Hells yeah! I stripped my frame to raw Al--looks great with brushed 960s, imho.


----------



## sandmangts (Feb 16, 2004)

zaskaranddriver said:


> Hells yeah! I stripped my frame to raw Al--looks great with brushed 960s, imho.


Very nice, How did you achieve the brushed finish? I want to try a scotch brite pad but I am not sure what color to get.


----------



## bad mechanic (Jun 21, 2006)

A green Scotch-Brite pad works.


----------



## gearwhine (Aug 20, 2009)

bikeny said:


> While the finished cranks certainly look really nice, I don't think the M960 is the best crank for singlespeed applications. The biggest problem is the goofy 102mm BCD, which severely limits your choice of chainrings. I think the cleanest setup is to use one of the cranks with a removeable spider and a spiderless chainring.


I agree with you to a point on that...but you still need a spiderless chainring to be made custom nowadays anyway. Unless you buy a spider that bolts onto it, which defeats the purpose of the clean look. Both chainrings are just as odd and hard to come by now.

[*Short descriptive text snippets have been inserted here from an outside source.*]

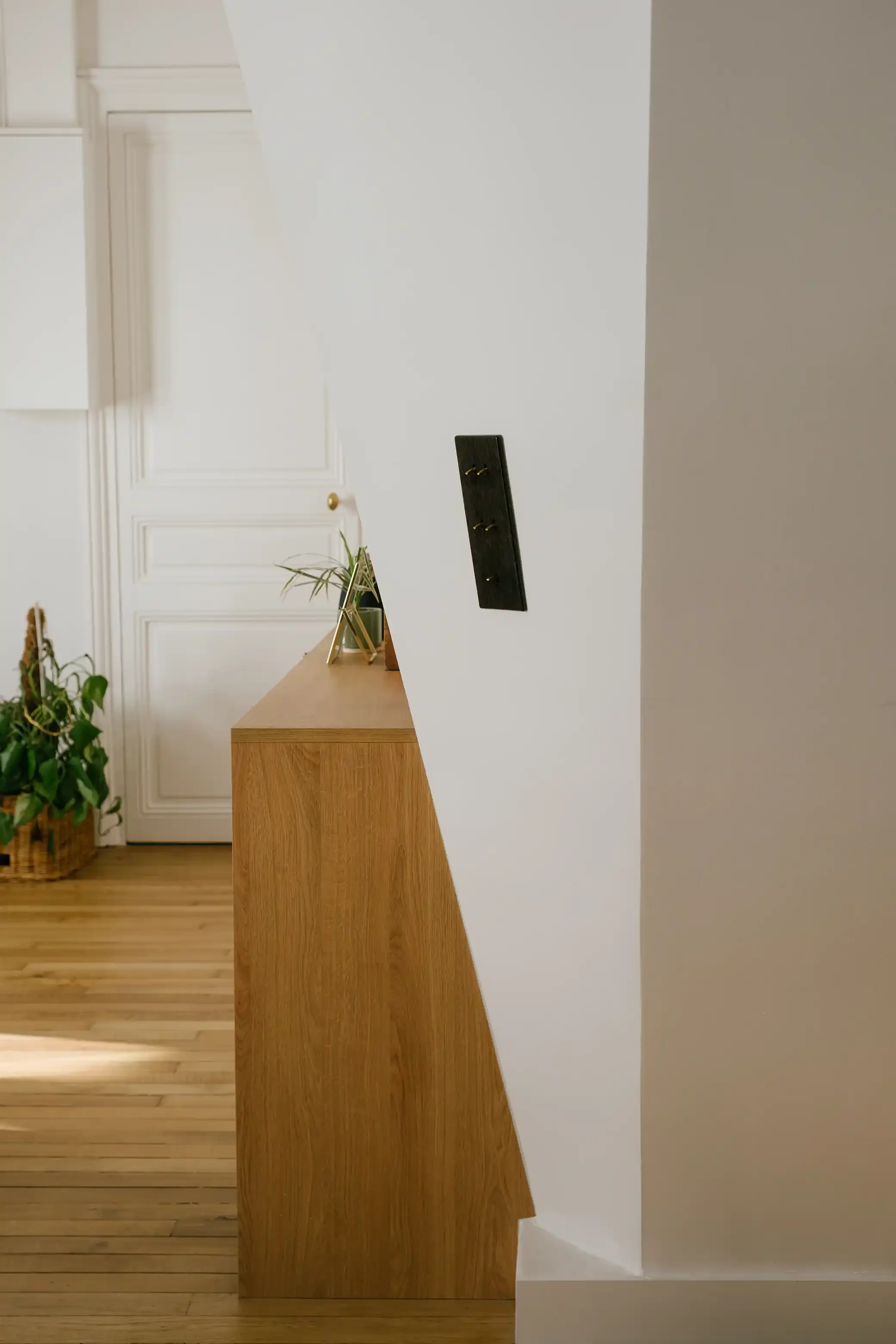 Détail d'un interrupteur vintage en laiton noir à leviers installé sur une cloison blanche avec vue sur un parquet ancien et des moulures.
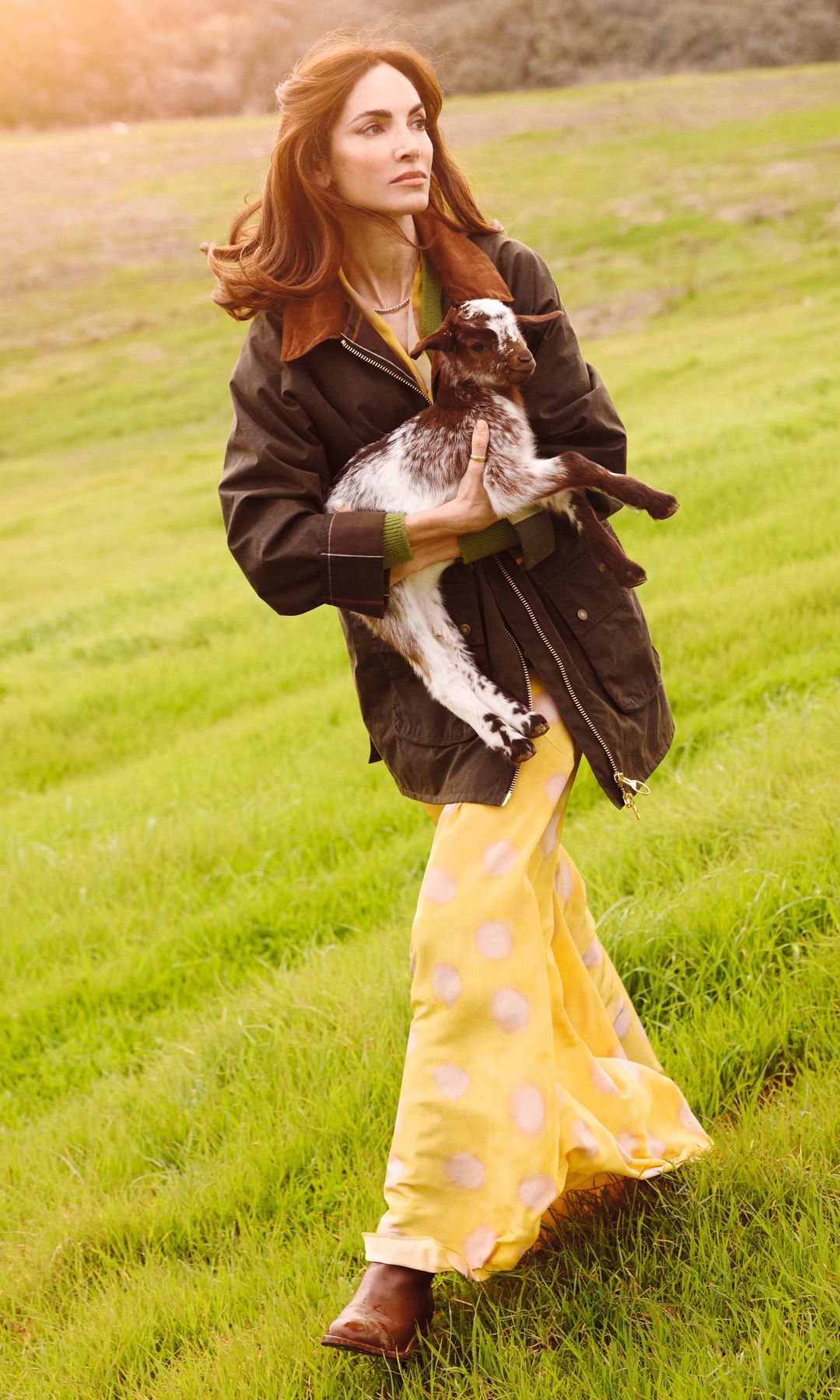 Eugenia Silva caminando en un campo con un cabrito en su casa de campo de Extremadura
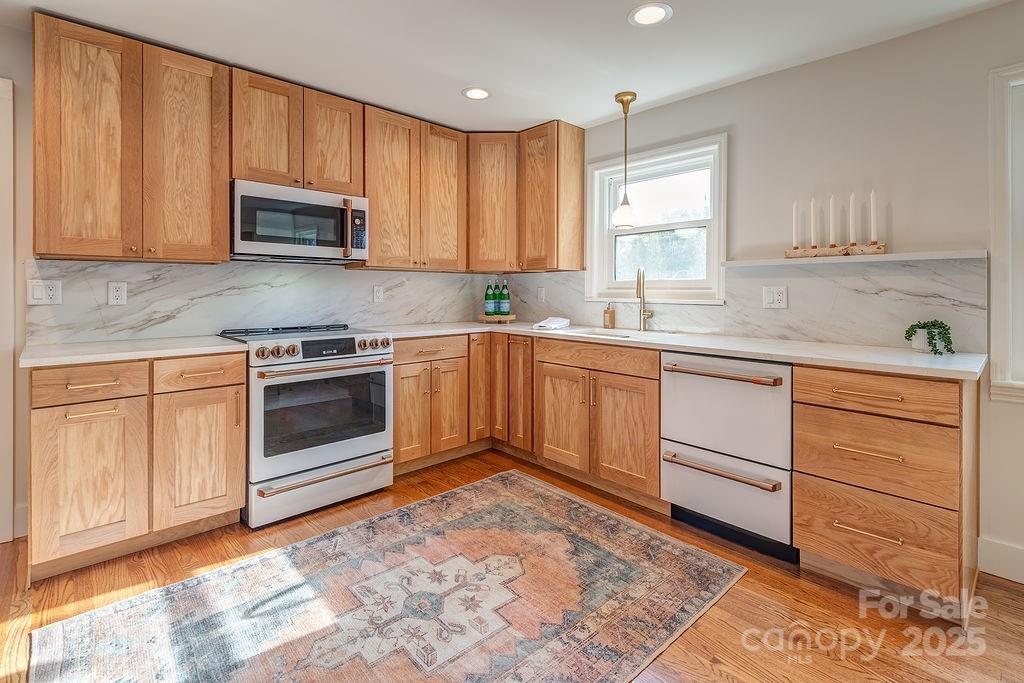 55 Cisco Road Asheville, NC 28805 - Photo 12 of 38 a kitchen with appliances cabinets and a sink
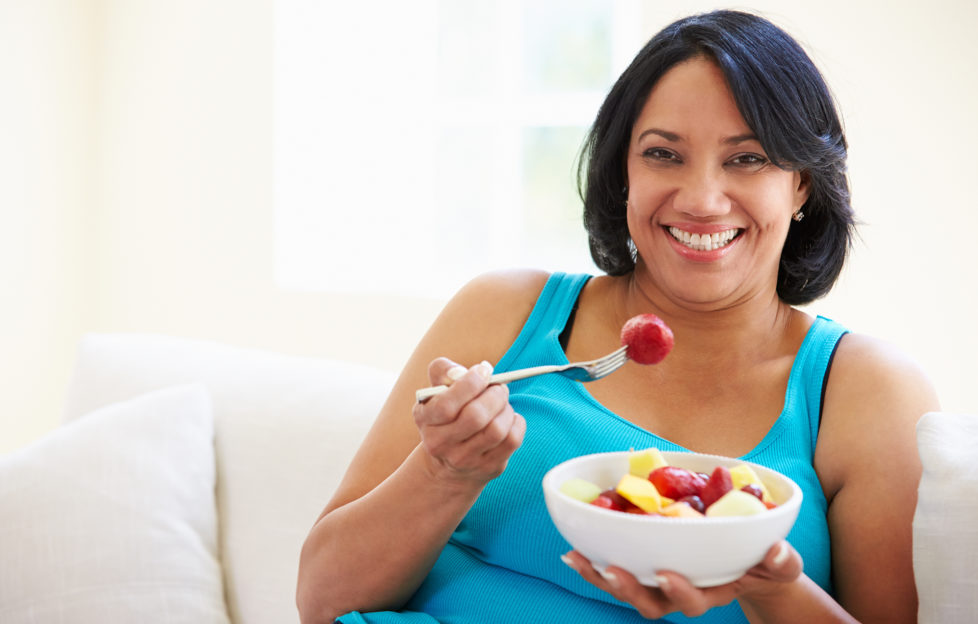 Overweight Woman Sitting On Sofa Eating Bowl Of Fresh Fruit;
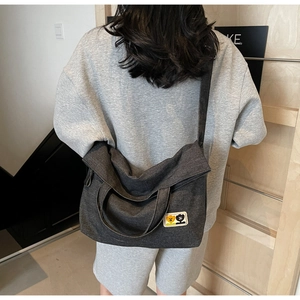 Detail view of large dark grey denim crossbody bag with cute cartoon patch and folded top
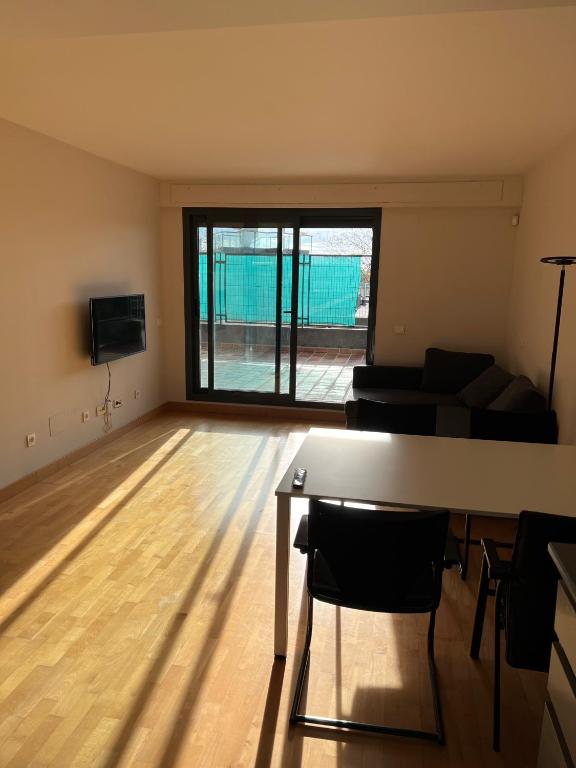 een lege woonkamer met een tafel en een bank bij Loft_Luminoso_Efeso in Madrid
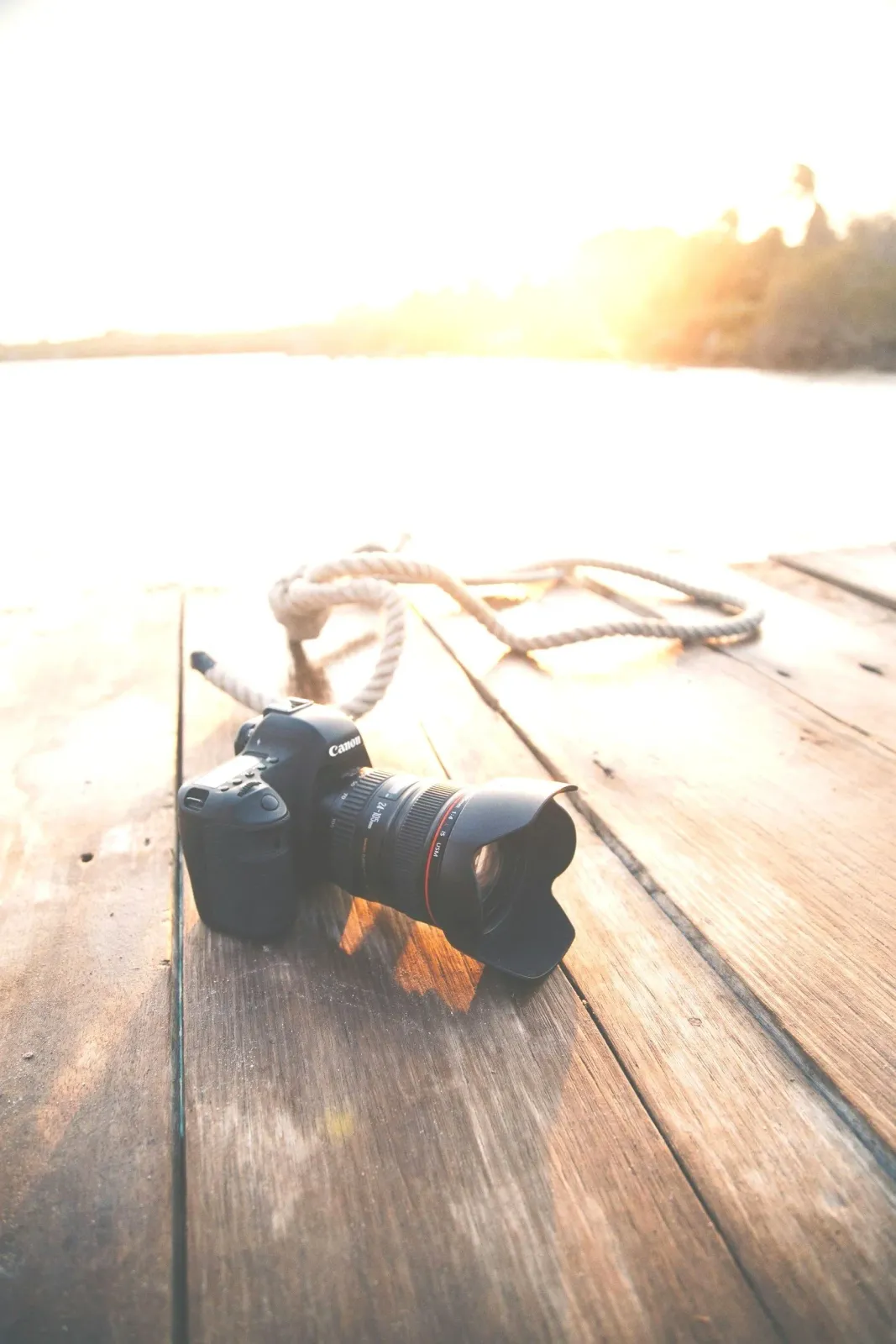 A Canon DSLR camera with a zoom lens and lens hood rests on a wooden dock near a body of water, illuminated by sunlight from the horizon.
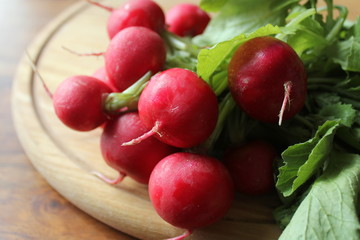 fresh radishes on cutting board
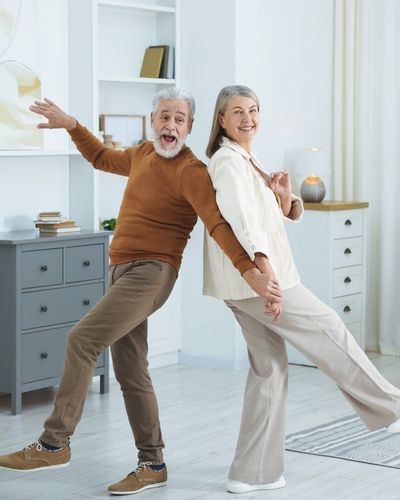 Happy Senior Couple Dancing Together at Home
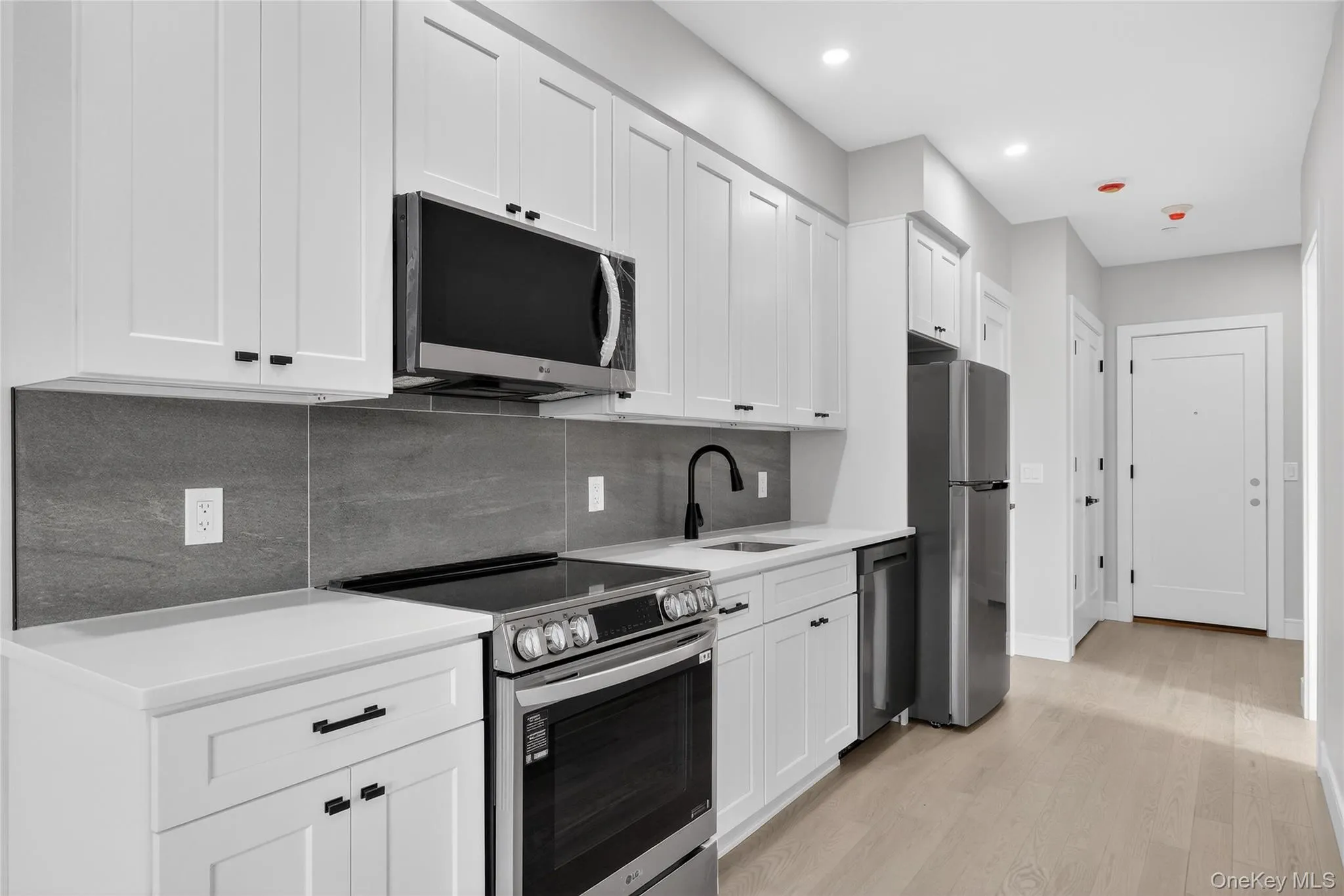 Kitchen with stainless steel appliances, white cabinetry, backsplash, light wood-style flooring, and light stone counters Kitchen with stainless steel appliances, white cabinetry, backsplash, light wood-style flooring, and light stone counters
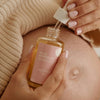 Minois Paris Mama Generous Body Oil (100 ml) - product shown being held by hands. 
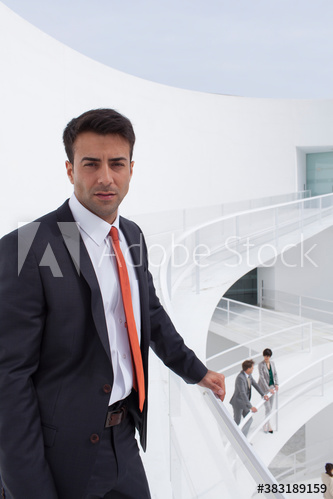 Portrait confident businessman on modern balcony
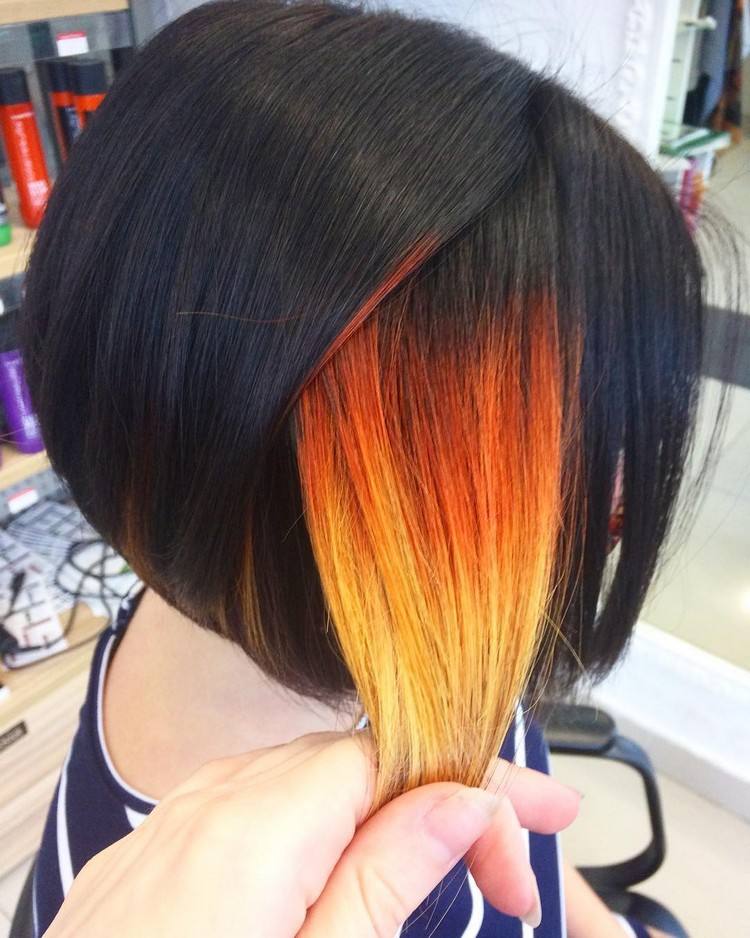 hidden hair color trend schwarze haare orange underlights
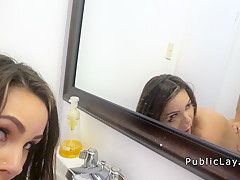 Cute brunette bangs in public restroom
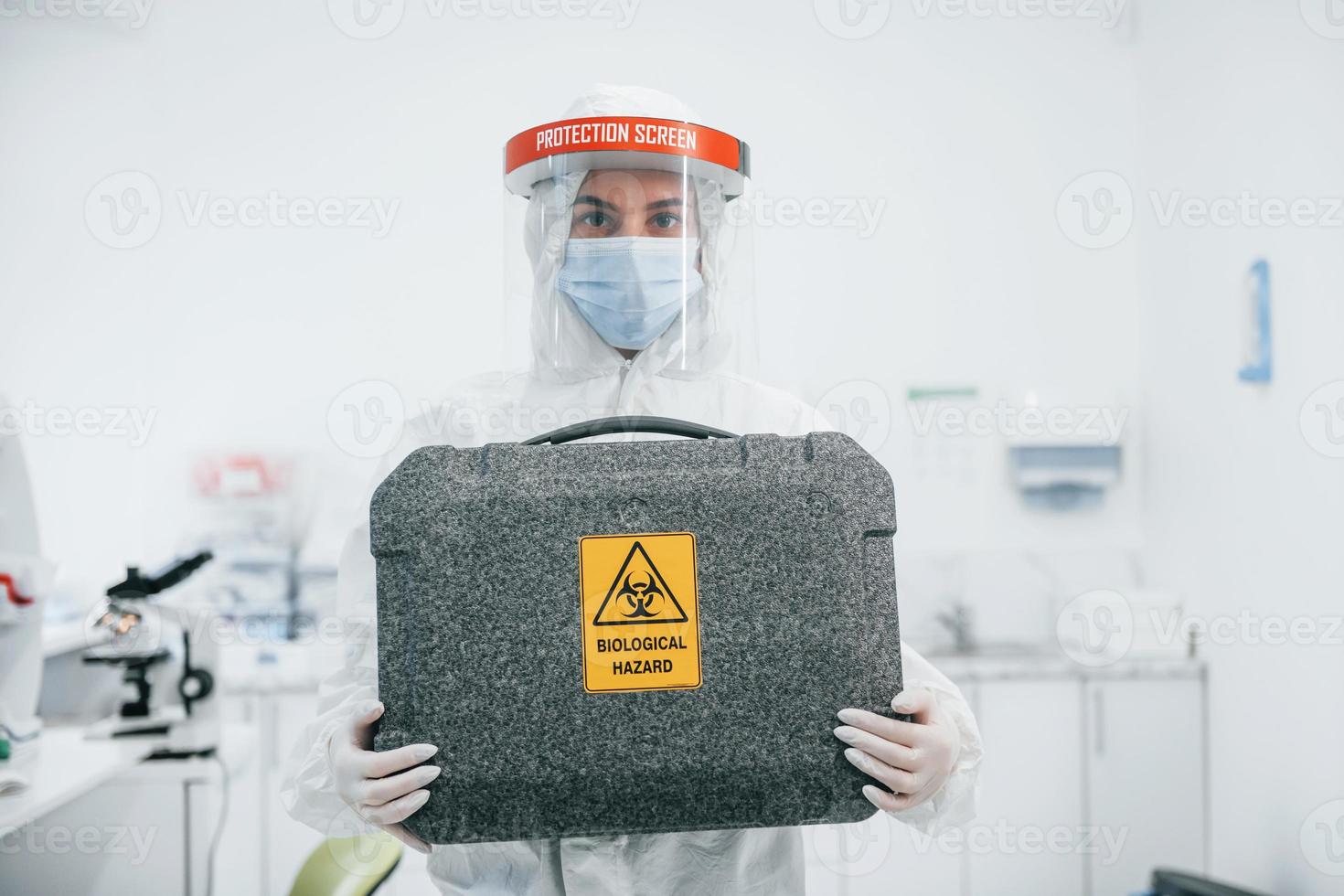 Holds case with biological hazard. Female medical worker in protective uniform works on COVID-19 vaccine photo
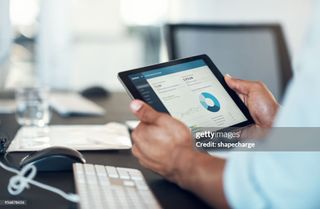 Cropped shot of a businessman using a digital tablet in a modern office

I personally like the 960s more than my 952, looks and function wise....so I sold the 952s. I do need to place another order for a different toothed chainring from HBC though.


----------



## Mr Pink57 (Jul 30, 2009)

^^ I believe most of the new SRAM stuff has four bolts on the back and it looks very clean. Homebrewed of course does these rings and their not very expensive compared to what you might pay for others. I do not have a spiderless (wish I did) but my chainring was only $55 from ISAR.


----------



## sandmangts (Feb 16, 2004)

I have done several more of these for friends and I have gotten quite good at it. If anyone would like me to modify theirs for them please feel free to pm me. I charge $65 dollars for the mod and mirror polish. Here are photos of my earlier sets. I have refined the process. By using chainring bolt spacers I ensure the depth and width of each bolt hole is exact. If you don't intend to use a granny gear I can also mill away the bolt holes for even more weight saving.


----------



## voodoochild (Feb 20, 2004)

I've got a set sitting here waiting for the HBC ring I ordered...









I did a crap-tastic job with the polishing and may just brush them up with a scotchbrite.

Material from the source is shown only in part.